>>>

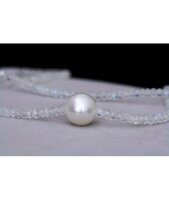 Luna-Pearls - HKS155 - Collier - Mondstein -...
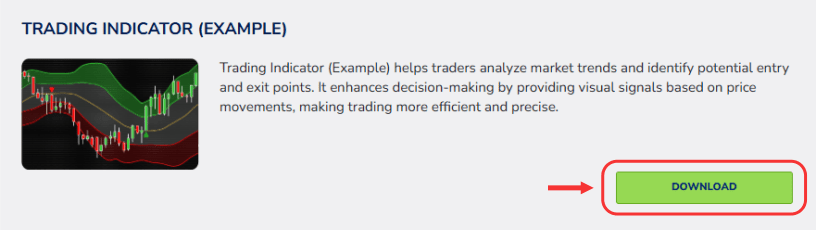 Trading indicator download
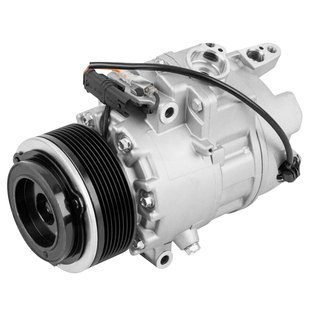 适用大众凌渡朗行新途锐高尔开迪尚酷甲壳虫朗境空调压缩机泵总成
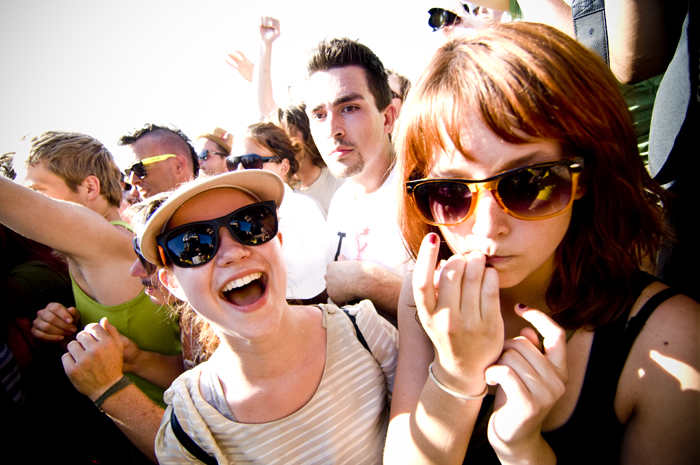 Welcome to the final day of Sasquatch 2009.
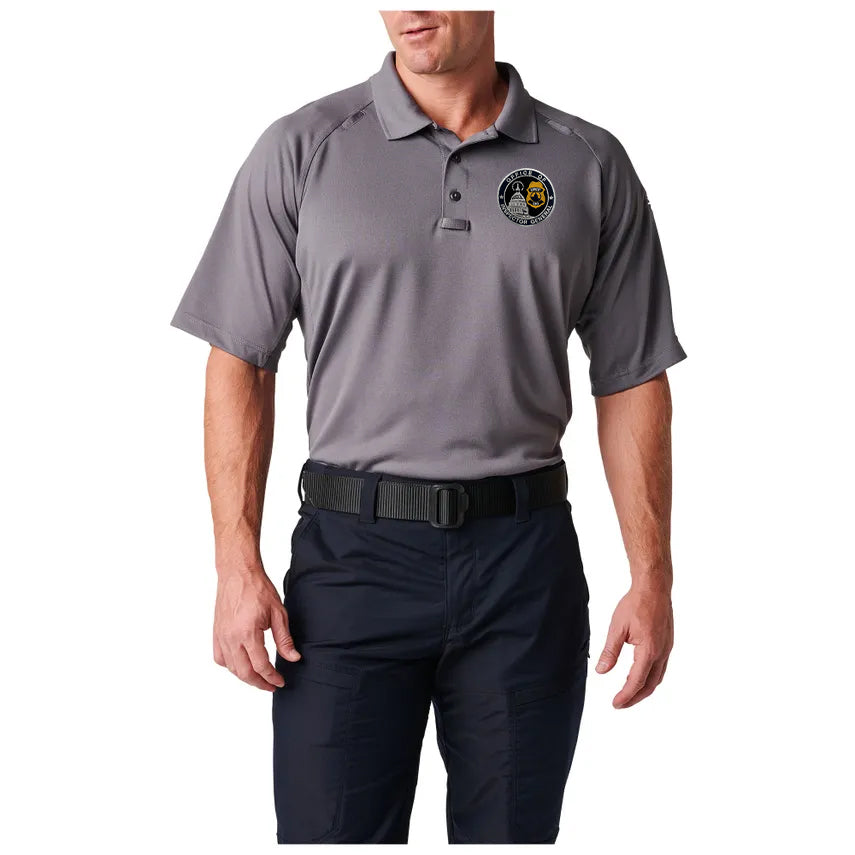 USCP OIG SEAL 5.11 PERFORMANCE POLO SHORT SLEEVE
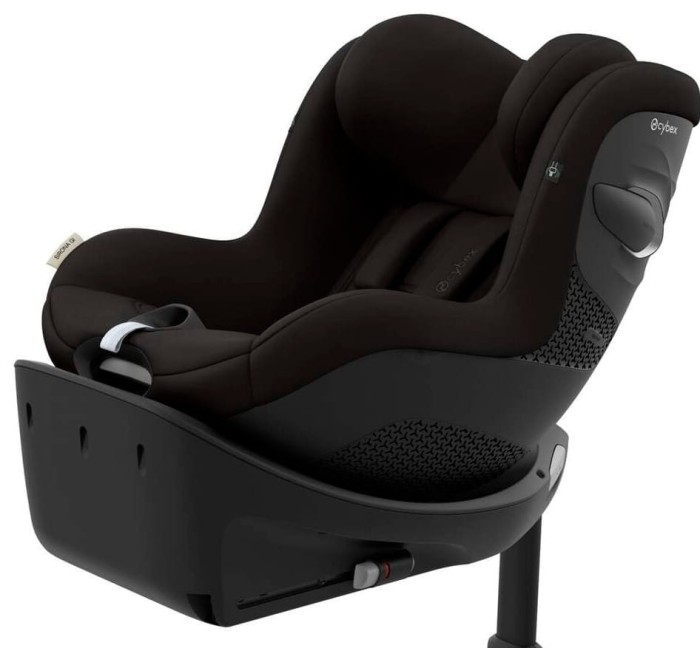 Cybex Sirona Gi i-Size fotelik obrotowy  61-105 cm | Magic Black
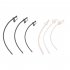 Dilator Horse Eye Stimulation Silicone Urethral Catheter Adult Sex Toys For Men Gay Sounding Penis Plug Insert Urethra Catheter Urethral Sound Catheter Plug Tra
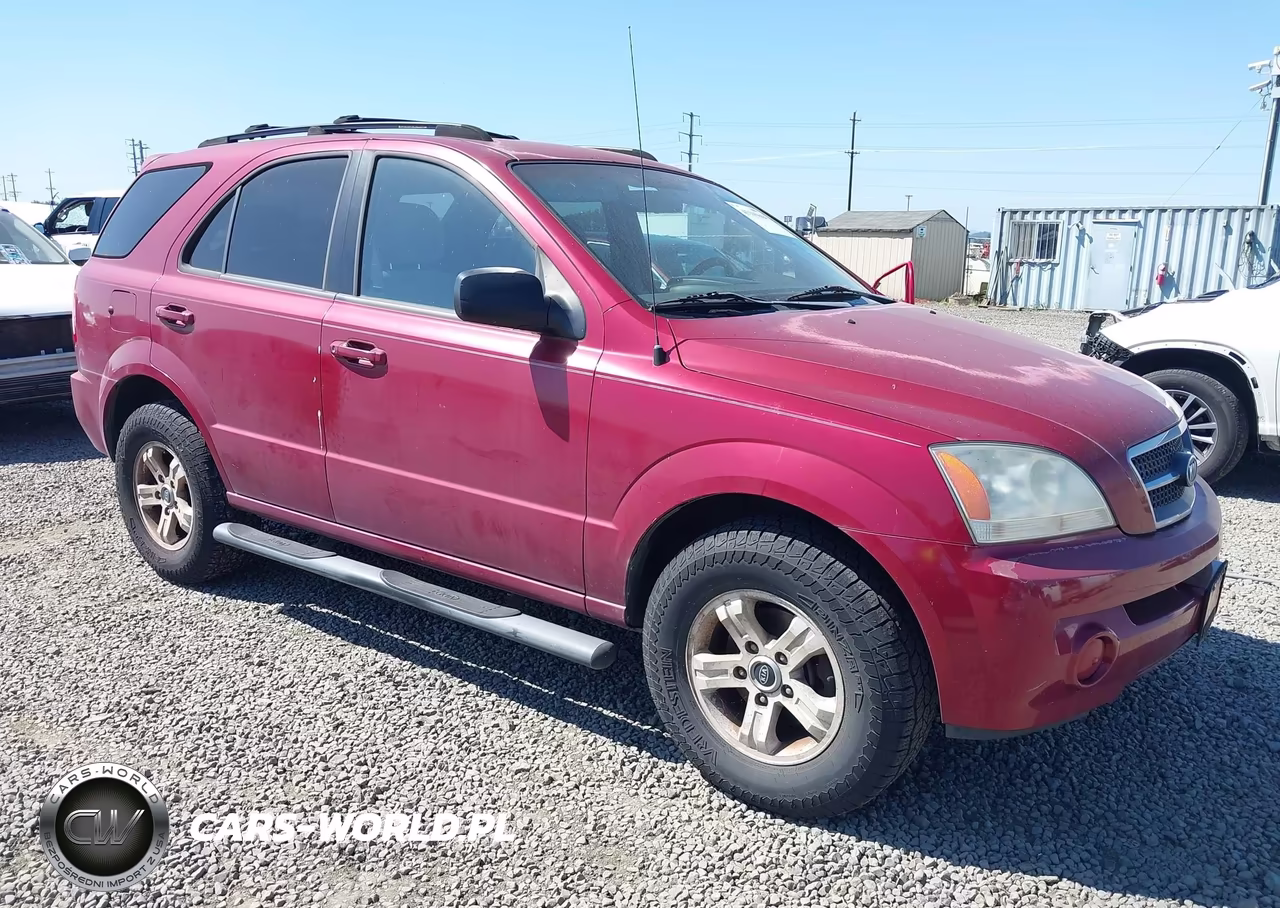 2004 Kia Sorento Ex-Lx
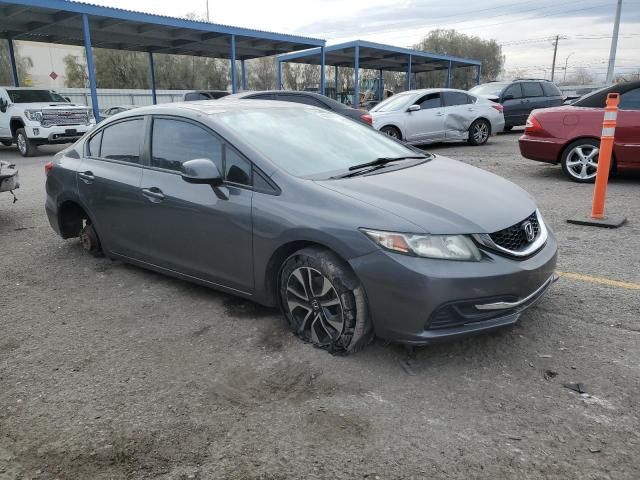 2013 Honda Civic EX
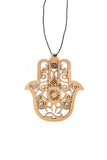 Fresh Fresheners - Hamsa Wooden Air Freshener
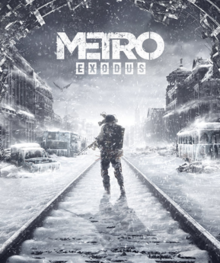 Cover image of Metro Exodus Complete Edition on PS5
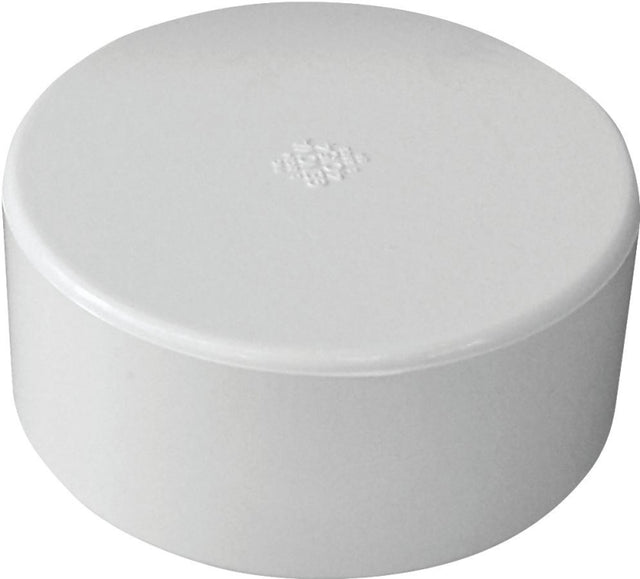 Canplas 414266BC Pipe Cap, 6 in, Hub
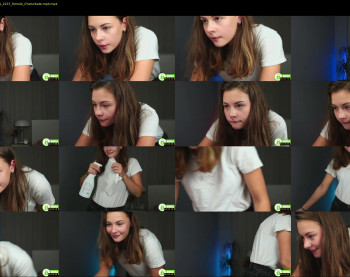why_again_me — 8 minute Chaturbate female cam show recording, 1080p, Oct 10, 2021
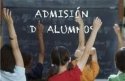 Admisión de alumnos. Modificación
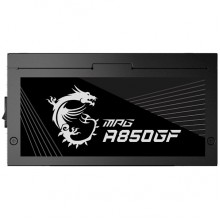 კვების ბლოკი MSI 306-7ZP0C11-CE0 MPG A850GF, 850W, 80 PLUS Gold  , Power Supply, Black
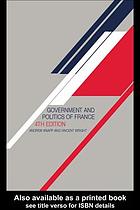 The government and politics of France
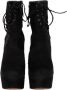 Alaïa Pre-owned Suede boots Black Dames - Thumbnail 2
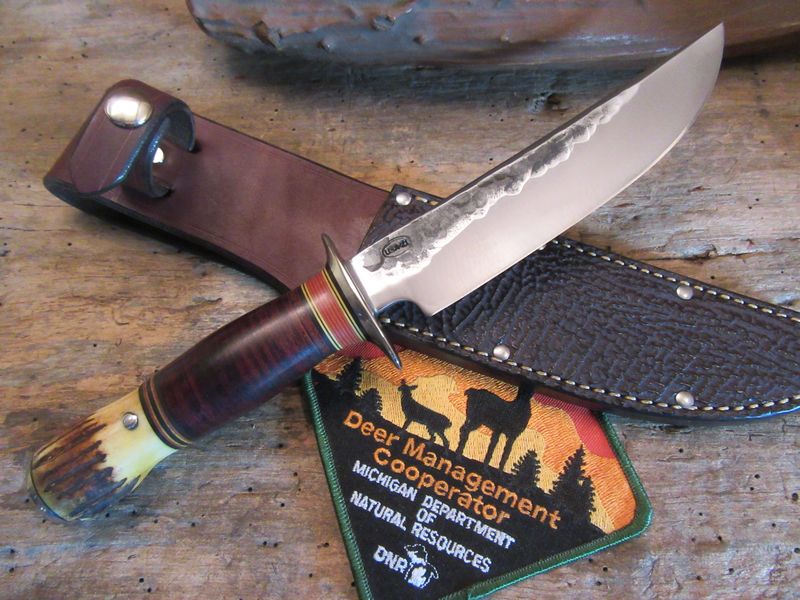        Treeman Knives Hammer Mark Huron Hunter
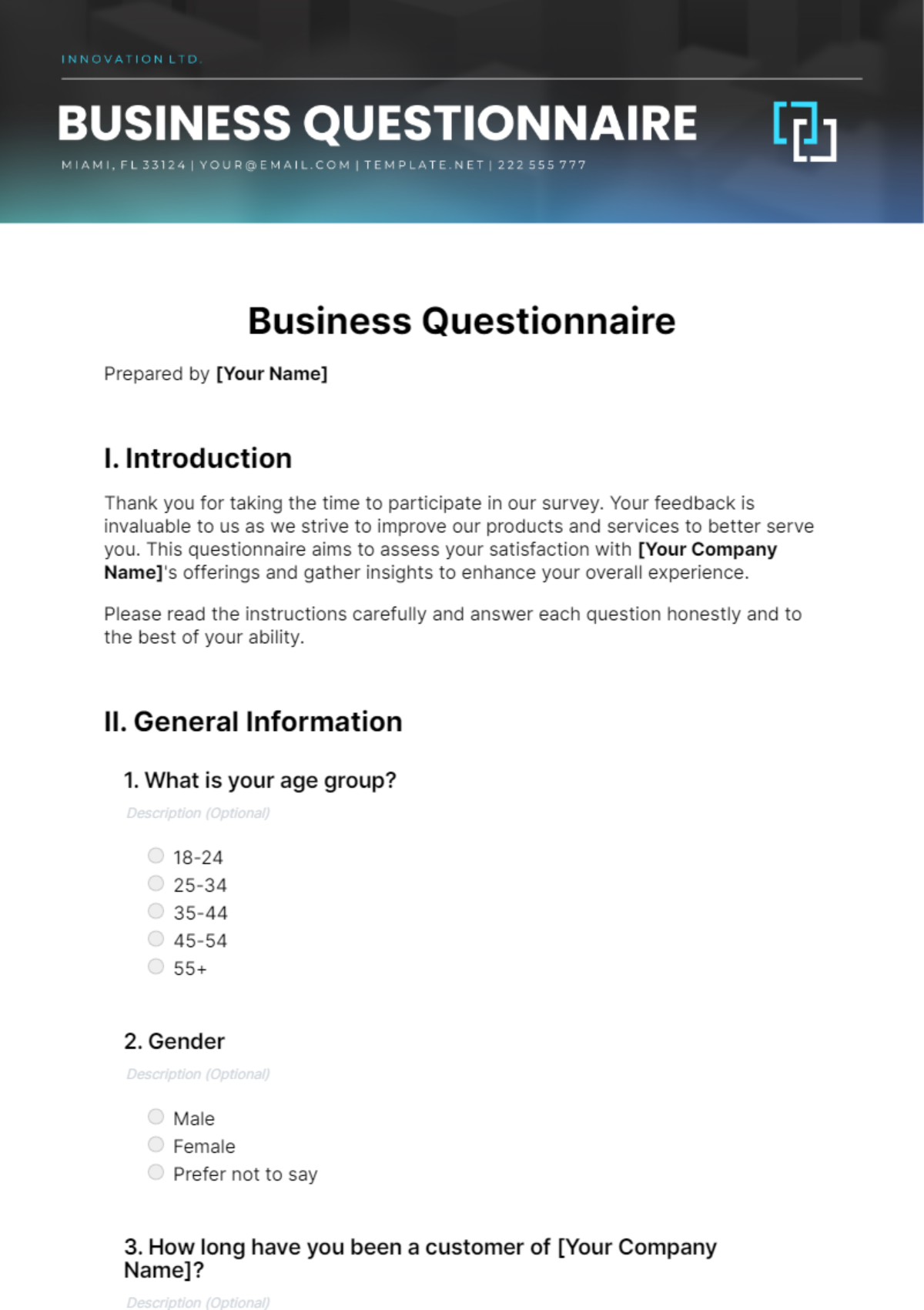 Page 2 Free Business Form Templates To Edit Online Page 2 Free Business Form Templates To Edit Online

<<<

Without any pictures, write out the lines running from the one containing "Canplas 414266BC Pipe Cap, 6 in, Hub" through the end of the listing above, both included, exactly as given.

▸ Answer for this exercise:
 Canplas 414266BC Pipe Cap, 6 in, Hub
why_again_me — 8 minute Chaturbate female cam show recording, 1080p, Oct 10, 2021
 Admisión de alumnos. Modificación
 კვების ბლოკი MSI 306-7ZP0C11-CE0 MPG A850GF, 850W, 80 PLUS Gold  , Power Supply, Black
 The government and politics of France
 Alaïa Pre-owned Suede boots Black Dames - Thumbnail 2
        Treeman Knives Hammer Mark Huron Hunter
 Page 2 Free Business Form Templates To Edit Online Page 2 Free Business Form Templates To Edit Online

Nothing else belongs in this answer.